>>>

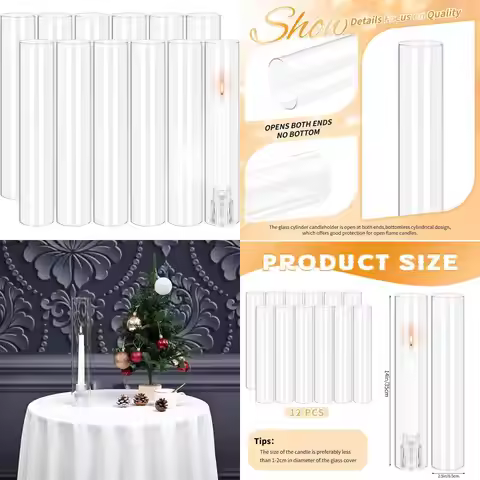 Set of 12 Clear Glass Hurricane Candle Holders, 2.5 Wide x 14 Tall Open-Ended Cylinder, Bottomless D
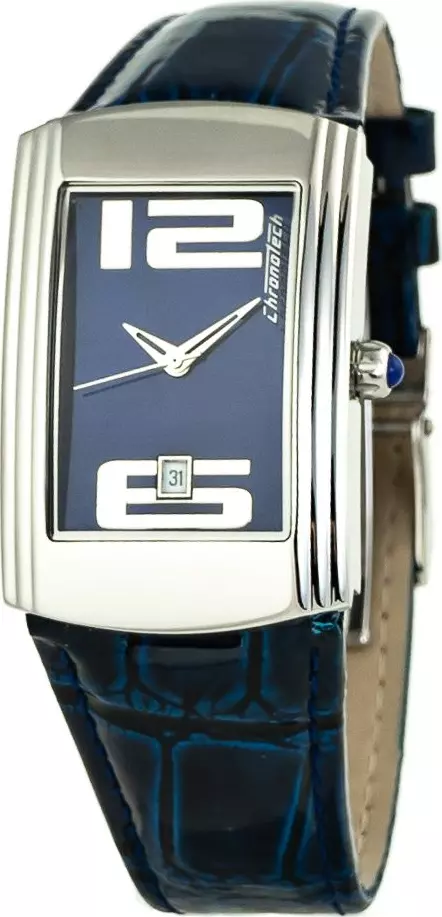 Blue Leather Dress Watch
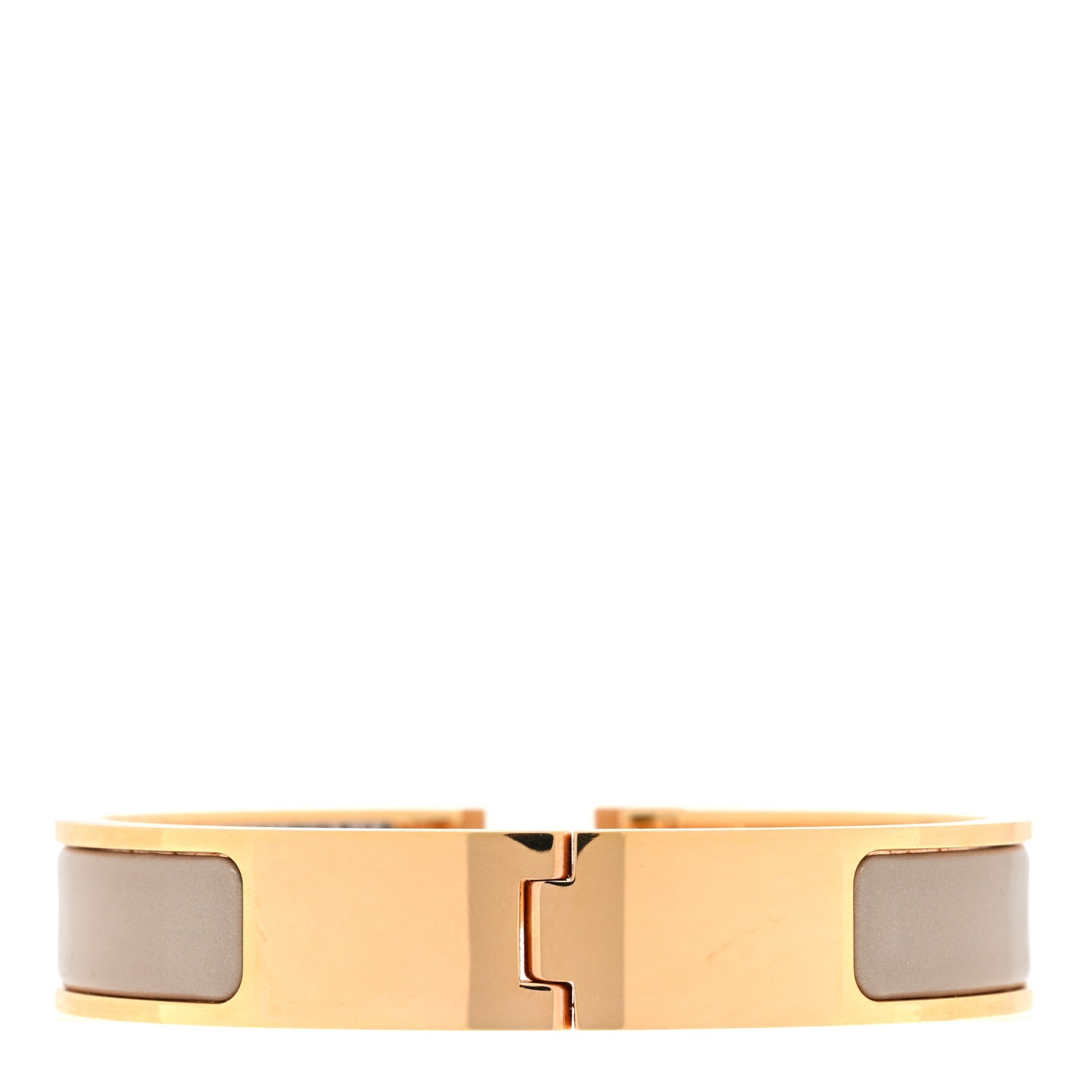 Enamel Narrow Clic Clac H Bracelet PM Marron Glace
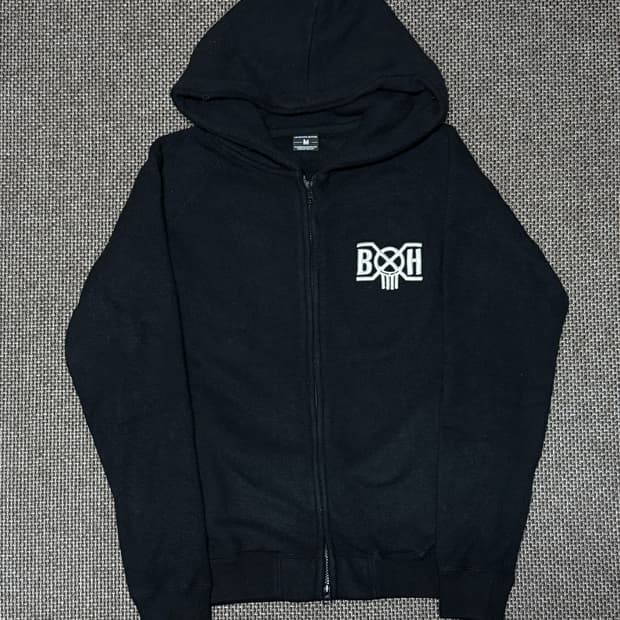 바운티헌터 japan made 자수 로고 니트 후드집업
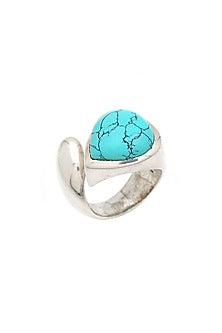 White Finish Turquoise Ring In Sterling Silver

<<<
>>>

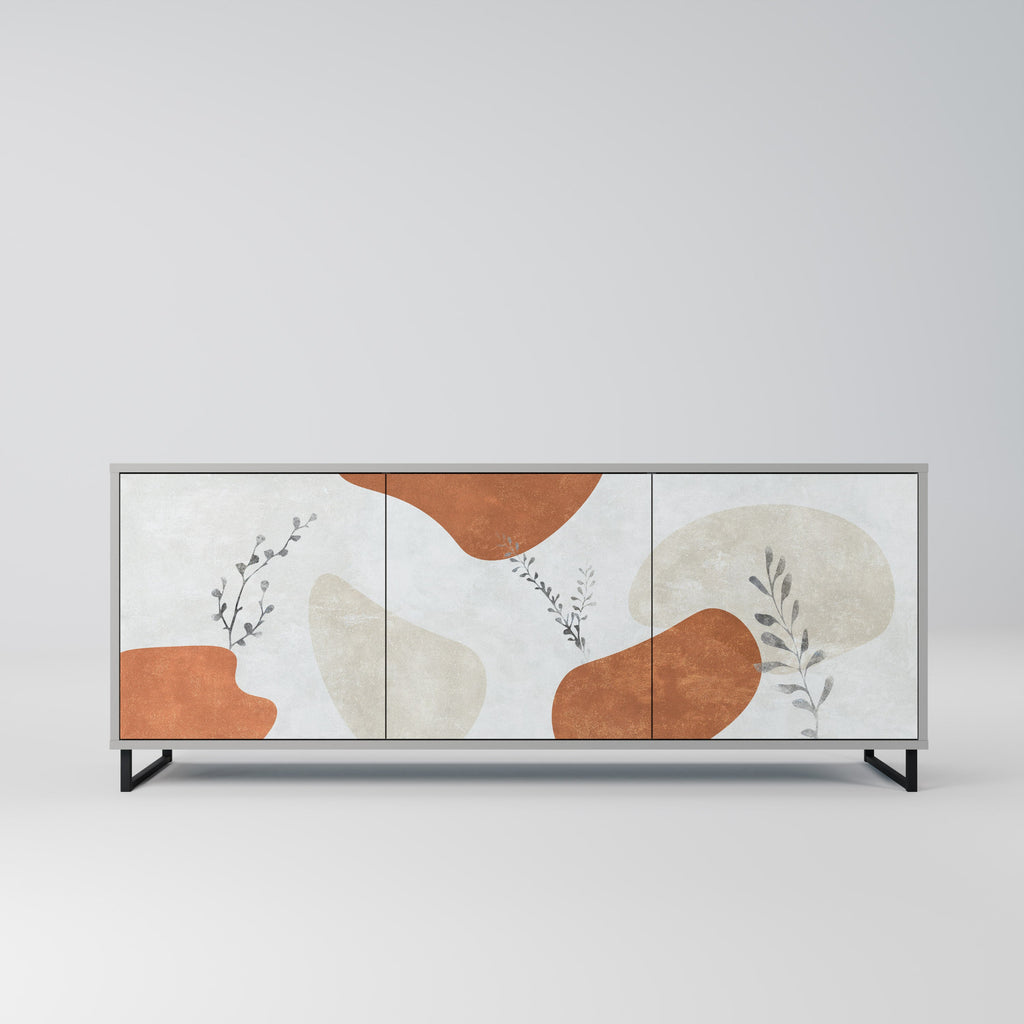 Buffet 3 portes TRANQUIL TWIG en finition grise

<<<

Work order: Between and including the line with "Enamel Narrow Clic" and the line with "White Finish Turquoise", repeat every line exactly as it appears above, with pictures left out.

Problem solution:
 Enamel Narrow Clic Clac H Bracelet PM Marron Glace
 바운티헌터 japan made 자수 로고 니트 후드집업
 White Finish Turquoise Ring In Sterling Silver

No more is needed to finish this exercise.